If money was not an object, what technology tools would you recommend for a library to purchase? This would not be for lending, but for patrons to view and use in-house.
Given the limited capacity of the budgets of most libraries, it is rare for cost not to be a consideration in the acquisition of new technology products or services. It is helpful, however, to know the full range of solutions apart from their cost. Pricing can also be treated as a separate aspect of a competitive procurement. It is often part of a formal review for the individuals assigned to evaluate products to not have access to pricing, so that they can focus on their ability to meet stated requirements and functionality. I am aware of some procurement scenarios where the proposals for those involved spanned a broad range of pricing, but all were considered affordable. Such a scenario enables a library to focus on selecting the best product, not the cheapest one. There are also many procurement processes, where the organization is required to select the least expensive qualified proposal. The weighting given to pricing will vary according to the procurement rules of an organization. Rarely is price not an object, but usually it is considered an important factor.
There are very few technology products that have been developed primarily to manage in-library use of materials. Some libraries have special collections or archives that do not circulate and may use products such as Aeon from Atlas Systems to track requests and processing workflows. It is much more common, however, for a library with a non-circulating collection to use one of many integrated library systems available, configured with the appropriate circulation rules. While one key area of concern for non-circulating libraries lies in tracking use, these libraries may also need automation support for acquisitions and cataloging of materials and for a public search interface, so that patrons can locate materials. These areas of collection management support are standard features of any of the major integrated library systems.
Tracking in-library use of materials is a standard routine for almost any library. Even if a library also lends materials, it is important to be able to capture statistical data, both for individual collection items and in aggregate for items consulted. Libraries generally ask patrons not to re-shelve items that they have consulted, but to rather return them to a designated area. This procedure not only prevents errors in shelving that might result from patrons not being familiar with the library's call numbers, but it also provides the opportunity to scan each item so that its use can be recorded.
Each scan increments the item's use or browse count and accumulates to the overall circulation activity reports. For circulating collections, these in-library use scans can also help identify errors, such as items shelved but not discharged. The standard features of an integrated library system can also address other scenarios, such as when materials are housed in closed stacks or remote storage. Patrons can make requests through the online catalog that generate paging requests for library personnel as well as the supporting routing and notification messages.
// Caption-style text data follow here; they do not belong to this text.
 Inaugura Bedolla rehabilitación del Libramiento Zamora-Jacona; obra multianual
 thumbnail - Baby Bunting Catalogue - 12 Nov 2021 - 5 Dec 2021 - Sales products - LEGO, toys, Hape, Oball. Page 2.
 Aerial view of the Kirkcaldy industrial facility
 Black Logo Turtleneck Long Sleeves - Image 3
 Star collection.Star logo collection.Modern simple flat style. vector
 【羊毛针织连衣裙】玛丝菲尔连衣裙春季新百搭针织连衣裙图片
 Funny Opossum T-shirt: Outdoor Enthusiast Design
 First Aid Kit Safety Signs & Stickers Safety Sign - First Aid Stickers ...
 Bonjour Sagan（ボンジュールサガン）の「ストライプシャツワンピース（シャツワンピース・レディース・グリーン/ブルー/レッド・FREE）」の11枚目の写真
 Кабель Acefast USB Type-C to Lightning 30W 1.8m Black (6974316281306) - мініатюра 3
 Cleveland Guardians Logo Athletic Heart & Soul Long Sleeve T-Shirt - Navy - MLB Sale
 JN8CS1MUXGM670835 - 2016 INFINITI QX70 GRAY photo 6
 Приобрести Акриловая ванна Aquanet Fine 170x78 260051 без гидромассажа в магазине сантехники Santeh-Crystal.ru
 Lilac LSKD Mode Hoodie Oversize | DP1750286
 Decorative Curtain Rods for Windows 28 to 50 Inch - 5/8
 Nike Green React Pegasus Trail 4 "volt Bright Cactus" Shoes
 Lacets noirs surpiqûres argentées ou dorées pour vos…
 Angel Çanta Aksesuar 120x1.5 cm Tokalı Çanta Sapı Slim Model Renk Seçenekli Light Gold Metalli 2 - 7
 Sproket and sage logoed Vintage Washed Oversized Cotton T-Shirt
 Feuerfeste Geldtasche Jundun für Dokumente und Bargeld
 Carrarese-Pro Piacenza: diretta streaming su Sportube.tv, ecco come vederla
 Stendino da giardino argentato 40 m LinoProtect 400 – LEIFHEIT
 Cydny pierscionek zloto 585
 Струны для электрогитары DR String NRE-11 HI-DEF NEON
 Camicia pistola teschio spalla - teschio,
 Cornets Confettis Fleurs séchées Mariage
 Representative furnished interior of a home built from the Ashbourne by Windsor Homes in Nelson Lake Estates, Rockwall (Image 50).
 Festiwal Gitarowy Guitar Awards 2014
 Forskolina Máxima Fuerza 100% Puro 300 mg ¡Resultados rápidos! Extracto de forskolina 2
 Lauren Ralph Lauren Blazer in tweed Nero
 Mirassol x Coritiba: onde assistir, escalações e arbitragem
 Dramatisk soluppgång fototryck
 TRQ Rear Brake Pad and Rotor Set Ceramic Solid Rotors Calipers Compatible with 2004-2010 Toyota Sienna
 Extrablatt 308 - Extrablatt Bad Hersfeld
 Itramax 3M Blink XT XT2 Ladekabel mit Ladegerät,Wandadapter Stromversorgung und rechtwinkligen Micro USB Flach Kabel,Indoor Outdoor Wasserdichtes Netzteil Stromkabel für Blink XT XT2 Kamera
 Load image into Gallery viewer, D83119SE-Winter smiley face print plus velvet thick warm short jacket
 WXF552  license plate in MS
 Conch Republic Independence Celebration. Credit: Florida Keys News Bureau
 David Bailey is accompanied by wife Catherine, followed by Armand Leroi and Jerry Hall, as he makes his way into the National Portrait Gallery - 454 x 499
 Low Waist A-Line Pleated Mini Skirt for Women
Returning to the question of what technology in support of in-library use might best serve the library regardless of cost, I can offer only general advice rather than recommend specific products. A long list of requirements must be considered, based on the complexity of the collection, the collection management tasks expected, the request and messaging features needed, and the types of statistical reports desired.
Other supporting technologies might also be helpful such as RFID tags, readers, and security gates. RFID-based technologies could provide some interesting capabilities in tracking materials within the library and preventing unauthorized removal. In some cases, innovative products such as smart shelves could provide interesting ways to facilitate pickup of requested materials or to provide visual indicators of the location of items.
While it would be unusual for a library to acquire technology products without concern for cost, there are affordable options. The key challenge lies in finding the best products that meet the needs of the library, that solve problems in innovative ways, and that represent a good value for the library's financial investment.